No documento, assinado pelo bispo Léo Assis, a denominação afirma que o parlamentar não é mais reconhecido como pastor pela instituição. A decisão determina que Otoni de Paula está impedido de assumir púlpitos, ministrar a palavra ou exercer qualquer função pastoral vinculada à igreja.
A circular também prevê medidas disciplinares religiosas contra o deputado. Segundo o texto, ele não poderá participar de determinadas atividades ministeriais até que haja uma mudança de postura.
A punição interna teria sido motivada pelo posicionamento político do parlamentar durante a eleição para a presidência da Comissão de Defesa dos Direitos da Mulher da Câmara dos Deputados.
Na votação, a deputada Erika Hilton foi eleita presidente do colegiado com 11 votos favoráveis e 10 votos em branco. Nesse tipo de eleição, os votos em branco não contam contra o candidato, apenas deixam de apoiar, o que permitiu a vitória da parlamentar com a maioria dos votos válidos.

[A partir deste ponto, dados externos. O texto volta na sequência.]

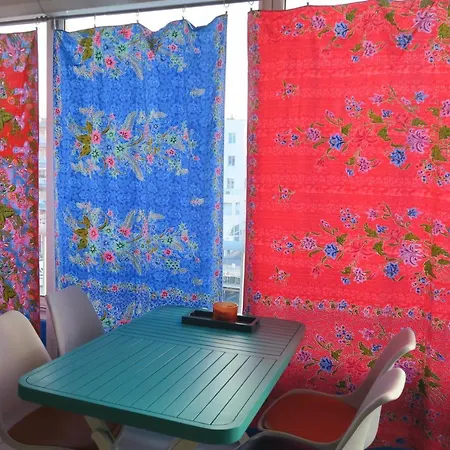 Le Long Du Canal * Palavas-les-Flots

A polêmica surgiu porque parte da oposição havia articulado um boicote à eleição, orientando deputados a votar em branco para tentar esvaziar o processo ou impedir a formação de quórum.
Alguns parlamentares, porém, participaram normalmente da votação — entre eles Otoni de Paula — o que contribuiu para garantir a realização do pleito.